For the next several days, Stephen's mind was happily occupied with slope theory, integrals and chain rules. The librarian, when she figured out what he was doing, didn't ask any awkward questions but kept him supplied with paper and pencils and found him a small table to use as a writing desk.

“You understand this stuff?” she asked him once.
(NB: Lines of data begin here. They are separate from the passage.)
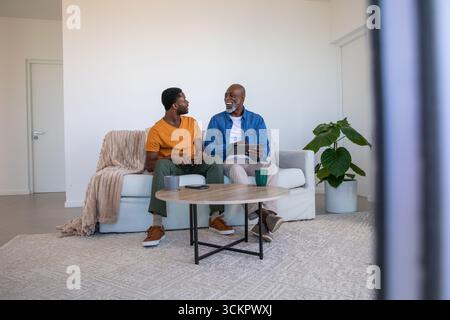 Père afro-américain et fils discutant sur tablette, tasses à café dans le salon Banque D'Images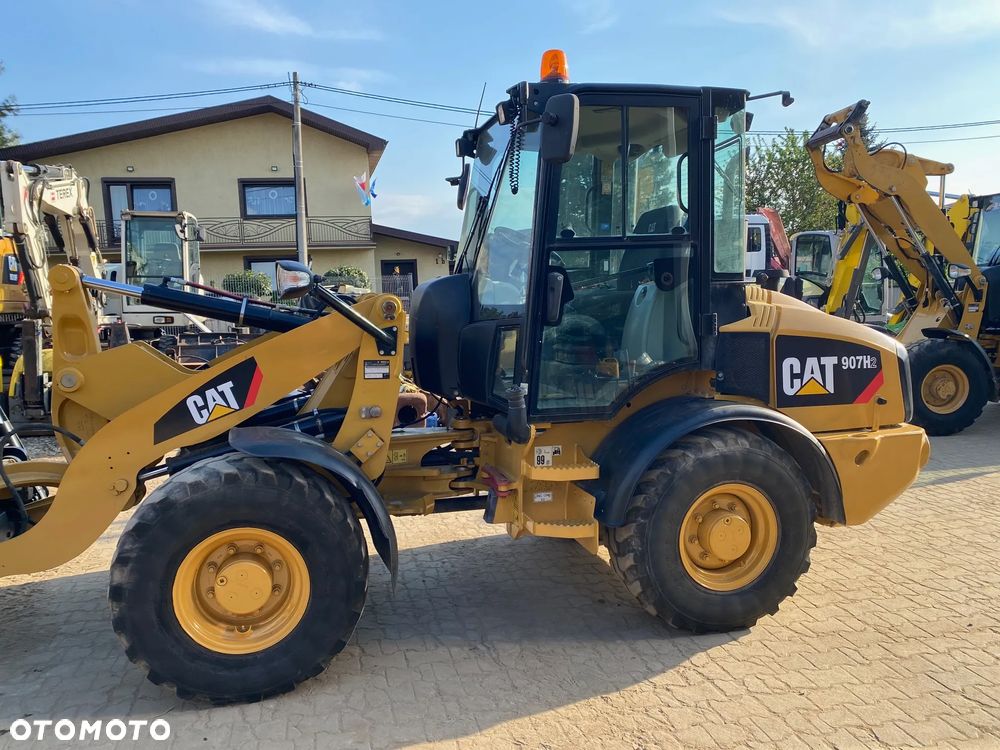 Caterpillar CAT 907H2, 5800 MTH, ŁYŻKA OTWIERANA + WIDŁY, z NIEMIEC, - 15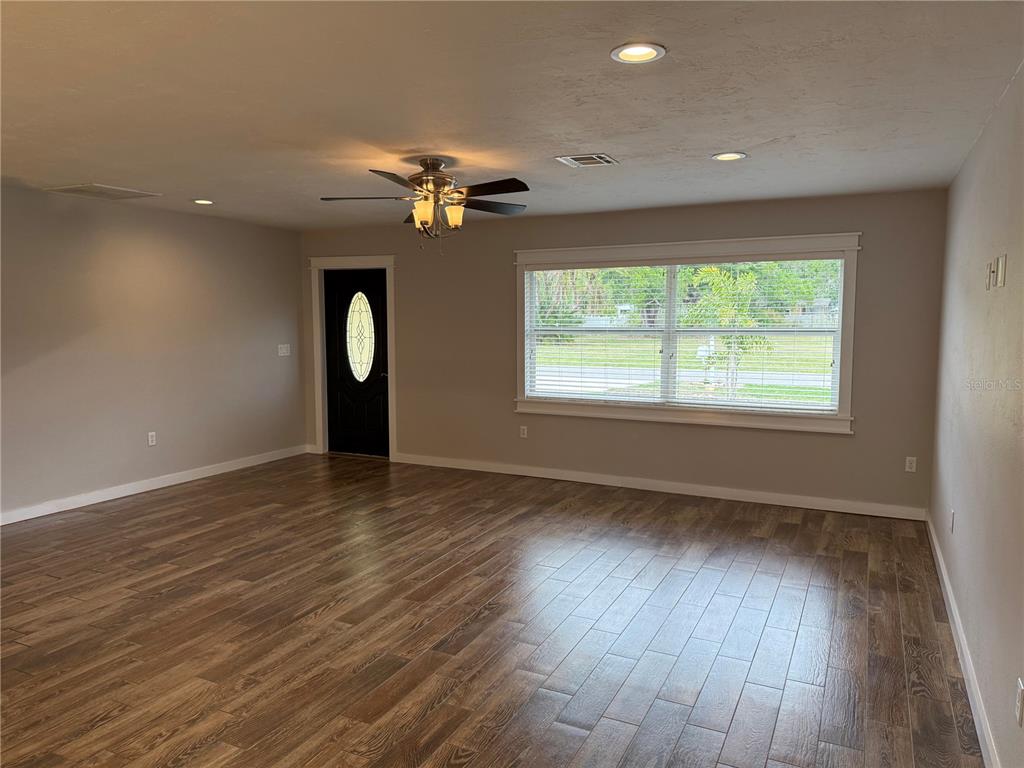 A living room with wood-look tile flooring, a ceiling fan, and a large window — 98 DADE AVENUE, SARASOTA, FL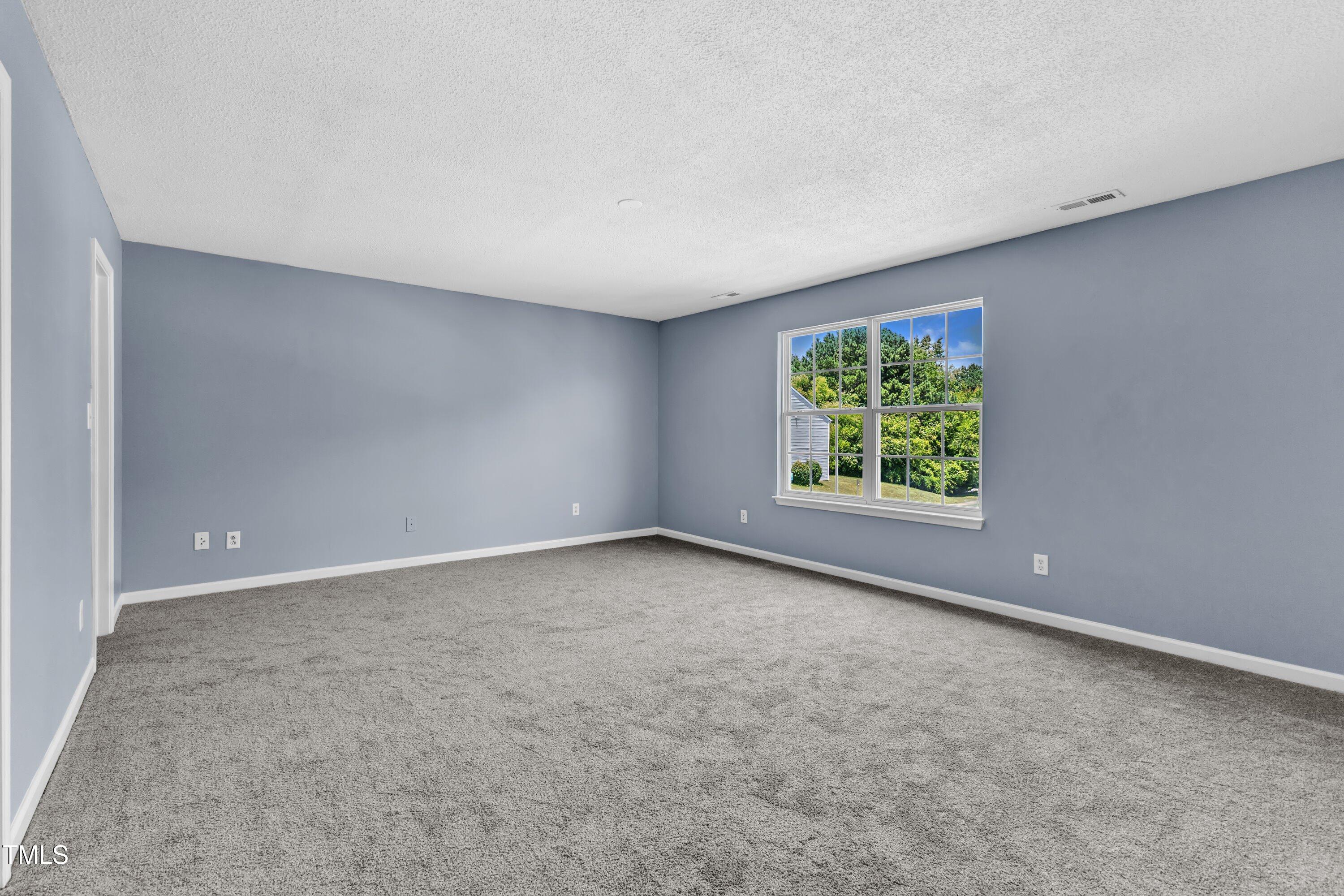 3604 Rivermist Drive Raleigh, NC 27610 - Photo 32 of 48 an empty room with windows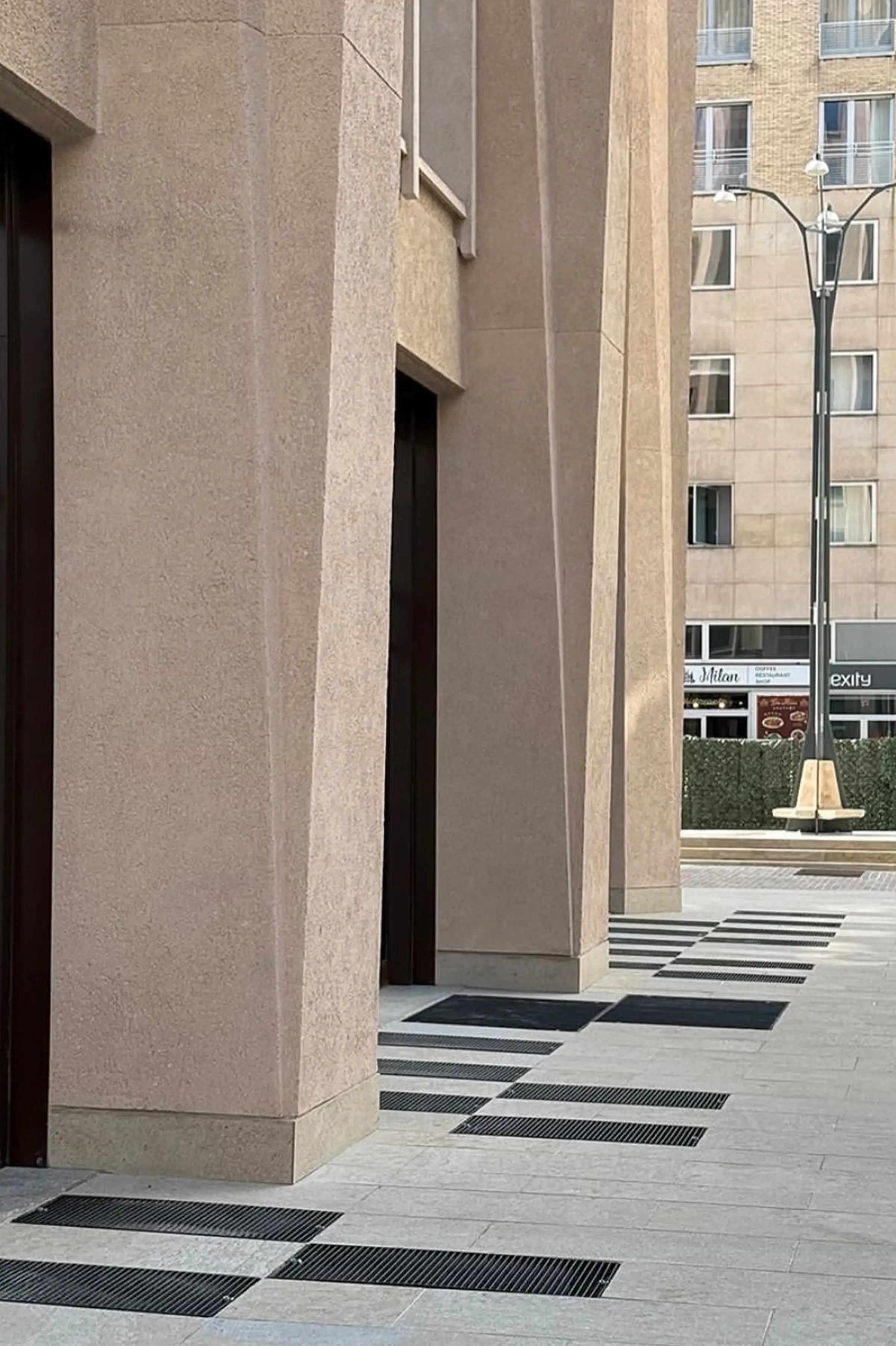 Basamento della Torre Velasca con rivestimento in Trachite Euganea e pavimentazione esterna in pietra naturale a corsi - restauro Piazza Velasca posa Trapattoni Marmi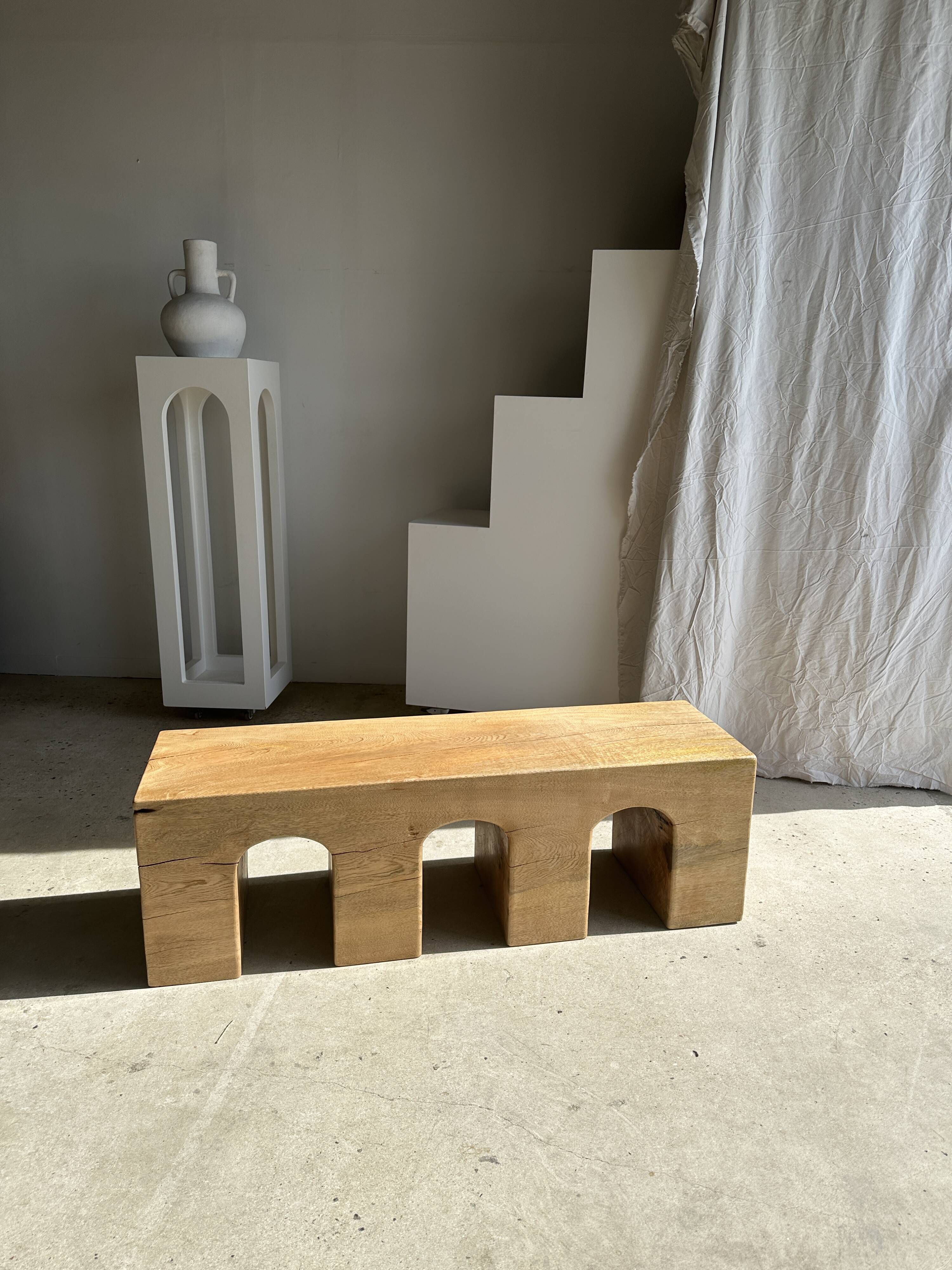 Solid monoxyl wood bench with carved 3-arch base - Natural wood color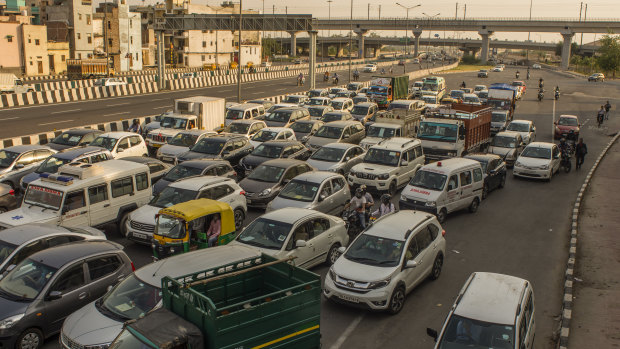 Vehicles driving on a road, after the country relaxed its lockdown restriction in Delhi, India. 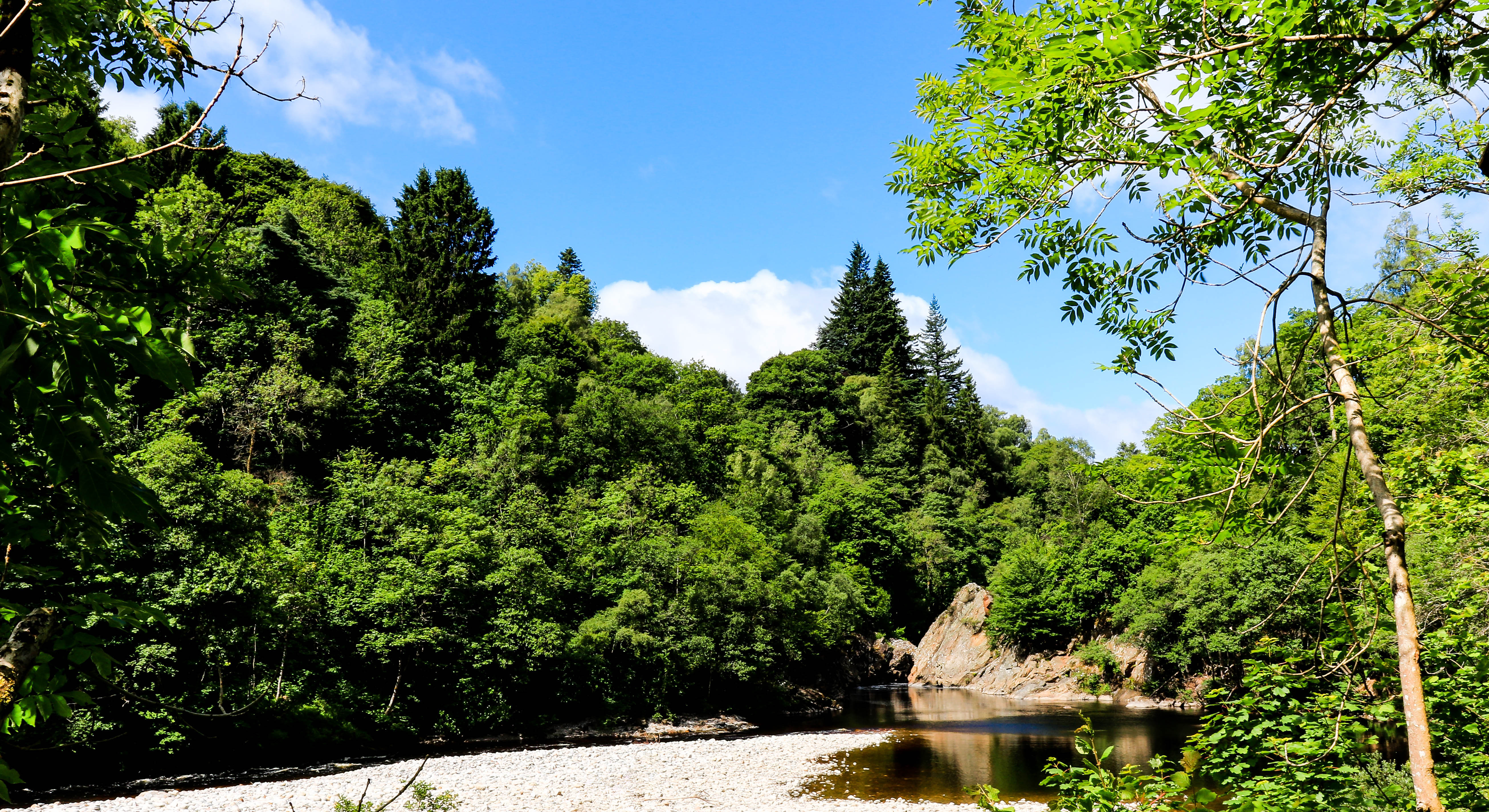 Naturskøn River Garry der flyder gennem grøn skov i Killiecrankie, Skotland på en klar sommerdag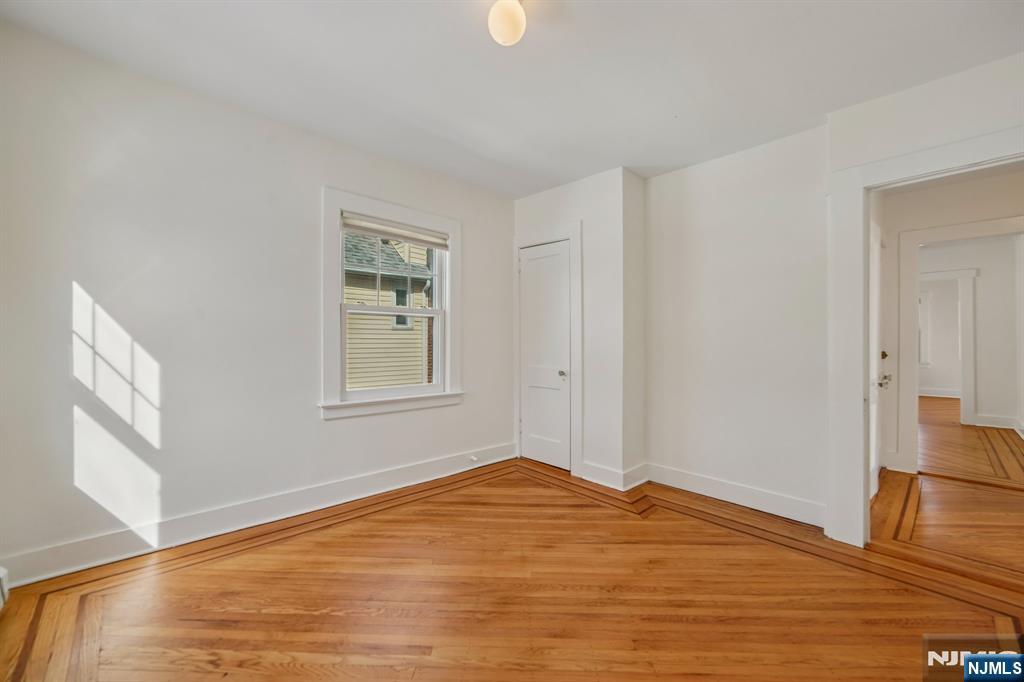 42 Brookfield Road, Unit 2 Montclair, NJ 07043 - Photo 23 of 36 a view of empty room with wooden floor and fan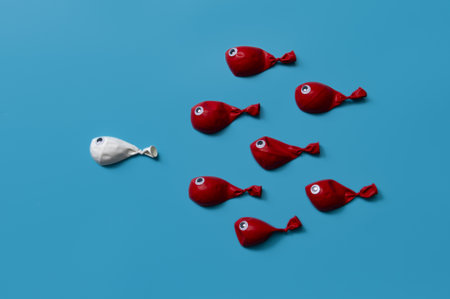 Different business concept.new ideas.Leadership concept with white fish balloons leading among red fishの写真素材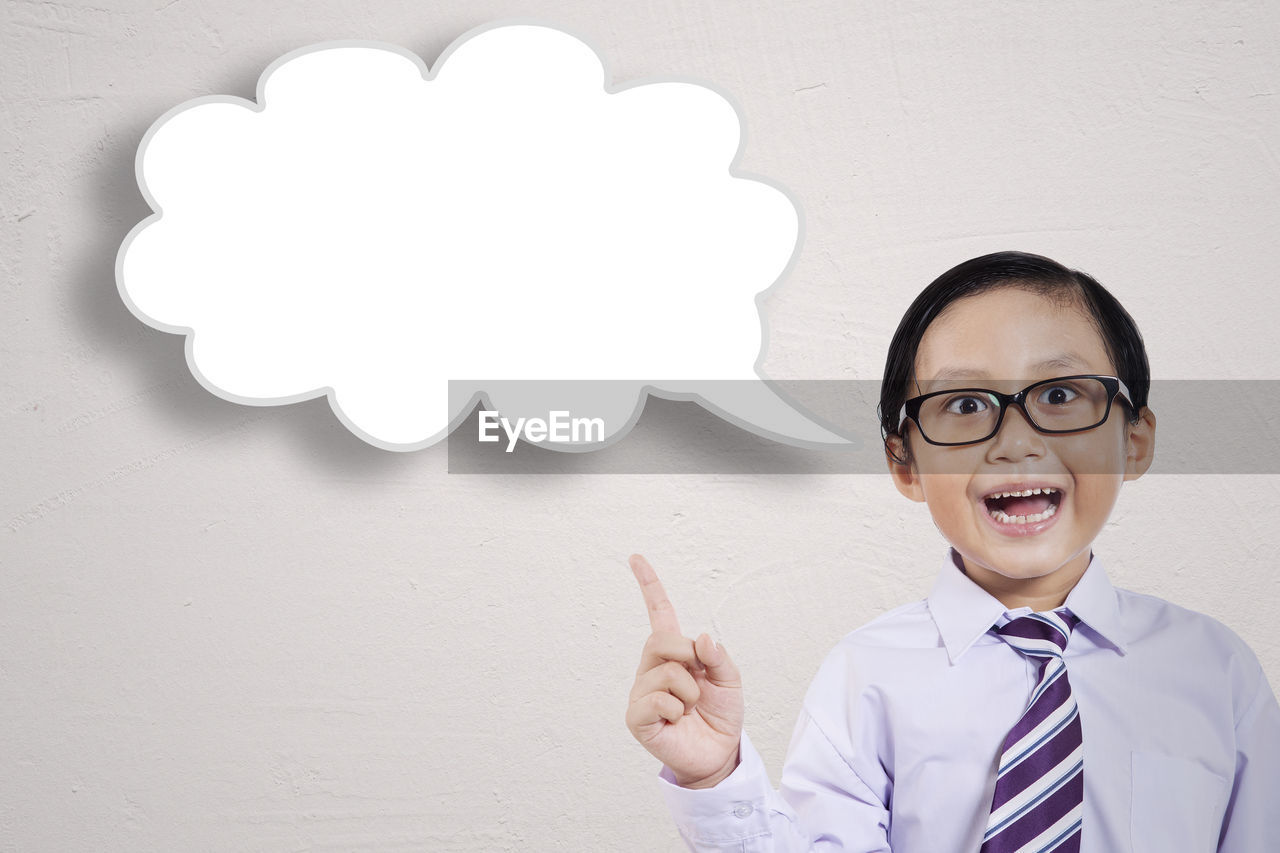 Portrait of happy boy with thought bubble standing against white background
“Yes. It's not difficult.”

“How old are you?”

“Twelve.”

She went away, shaking her head.

At three in the afternoon, he would give the calculus book and his scribbled-over pages to the librarian, who put them on a shelf in the back room, then he would walk back to Mound City. He had studied a map and figured out a short route, so the walk both ways only took him about two and a half hours. Usually he got home before his father returned from work.

One time he didn't. Dad was in the kitchen, drinking a beer and reading the newspaper.

“Where you been?” he asked, without looking up. “I got home an hour ago.”

“I was at the library in West Memphis. I'm learning calculus.”

Dad raised his head. “They got teachers there?”

“No. I'm learning it out of a book.”

“Okay.”

The subject, apparently, was closed, and for a quarter of an hour neither of them spoke. Stephen went to the refrigerator and got out a Coke.

“You feel like some fried chicken for dinner? They got a KFC up in Marion.”

“Okay.”

His father seemed pleased, so he threw in a bonus.

“On the way I'll show you the job site,” he said. “It's comin' along pretty good.”